- Country: Russia
- Born: 30 April 1977 (age 48) Russia
- Height: 1.72 m (5 ft 8 in)

World Cup career
- Seasons: 1997–2000

= Arthur Khamidulin =

Russian ski jumper (born 1977)

Arthur Khamidulin (sometimes spelled Artur Khamidullin or Artour Khamidouline; Артур Хамидулин; born 30 April 1977) is a Russian former ski jumper.

==Career==
Khamidulin appeared in a top-level ski jumping competition for the first time in 1997, when he competed in the World Championships in Trondheim. He took 41st place in the normal hill (K-90) competition and 52nd place in large hill (K-120). A month after, Khamidulin debuted in the FIS Ski Jumping World Cup in a ski flying competition in Planica. After that, Khamidulin competed in nine more World Cup competitions and his best result was from Harrachov in December 1998, a 17th place. In the 1998 Winter Olympics in Nagano, Khamidulin received a 23rd and a 25th place respectively in normal hill and large hill. Khamidulin and Russia also competed in the team competition in Nagano and took 9th place. The same season he came at the 41st place in the Four Hills Tournament. Khamidulin also competed in the World Championships at Ramsau in 1999 without any eminent results. Khamidulin's weight was under 62 kg during his active ski jumping career.

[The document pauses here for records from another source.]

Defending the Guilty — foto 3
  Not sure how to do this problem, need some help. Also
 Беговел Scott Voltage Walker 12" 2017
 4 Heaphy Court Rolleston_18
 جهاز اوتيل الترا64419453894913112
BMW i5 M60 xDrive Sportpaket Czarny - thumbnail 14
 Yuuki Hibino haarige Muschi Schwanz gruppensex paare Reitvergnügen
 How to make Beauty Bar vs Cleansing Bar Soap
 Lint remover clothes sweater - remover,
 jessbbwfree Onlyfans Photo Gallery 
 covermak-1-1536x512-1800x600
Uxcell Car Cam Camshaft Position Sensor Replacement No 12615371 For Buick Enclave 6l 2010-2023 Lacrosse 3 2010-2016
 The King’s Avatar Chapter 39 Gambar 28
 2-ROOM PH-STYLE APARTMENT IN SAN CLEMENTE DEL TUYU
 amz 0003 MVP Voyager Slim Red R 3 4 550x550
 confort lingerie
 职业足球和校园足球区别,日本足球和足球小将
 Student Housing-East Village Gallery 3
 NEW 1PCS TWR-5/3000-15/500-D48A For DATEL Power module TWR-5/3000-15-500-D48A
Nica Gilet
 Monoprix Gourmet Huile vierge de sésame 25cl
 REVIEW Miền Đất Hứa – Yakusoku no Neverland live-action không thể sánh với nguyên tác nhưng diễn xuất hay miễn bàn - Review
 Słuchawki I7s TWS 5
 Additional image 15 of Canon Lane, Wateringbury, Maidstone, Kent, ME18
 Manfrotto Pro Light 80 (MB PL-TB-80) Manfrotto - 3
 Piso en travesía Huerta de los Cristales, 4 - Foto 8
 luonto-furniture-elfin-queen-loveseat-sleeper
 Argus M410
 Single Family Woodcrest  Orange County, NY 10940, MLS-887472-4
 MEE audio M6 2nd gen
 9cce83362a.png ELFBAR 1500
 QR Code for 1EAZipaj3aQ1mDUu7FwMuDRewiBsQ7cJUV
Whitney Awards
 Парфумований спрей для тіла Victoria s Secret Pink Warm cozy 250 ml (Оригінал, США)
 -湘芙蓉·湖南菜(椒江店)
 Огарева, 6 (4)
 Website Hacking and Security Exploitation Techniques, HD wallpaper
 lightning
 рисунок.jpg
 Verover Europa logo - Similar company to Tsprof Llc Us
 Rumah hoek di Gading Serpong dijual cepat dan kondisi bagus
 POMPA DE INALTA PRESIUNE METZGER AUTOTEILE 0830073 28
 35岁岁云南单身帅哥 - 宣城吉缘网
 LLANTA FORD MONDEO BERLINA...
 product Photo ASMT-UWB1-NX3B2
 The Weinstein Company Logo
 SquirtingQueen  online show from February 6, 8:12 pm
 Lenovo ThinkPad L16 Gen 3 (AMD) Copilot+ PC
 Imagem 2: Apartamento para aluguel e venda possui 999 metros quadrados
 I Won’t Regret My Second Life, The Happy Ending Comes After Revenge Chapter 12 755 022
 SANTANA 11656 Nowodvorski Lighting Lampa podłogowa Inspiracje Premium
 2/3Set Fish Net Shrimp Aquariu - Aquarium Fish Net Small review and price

===The crash in Vikersund===
In 2000, Khamidulin competed in the Ski-flying World Championships in Vikersund. Khamidulin jumped in the qualification round in hard wind, and after taking off, turned around to the side and crashed on his head and neck. He rolled down the long hill and lost his helmet on the way down. The competition was later stopped due to the hard winds. Khamidulin escaped with a concussion but he never jumped in a professional competition again.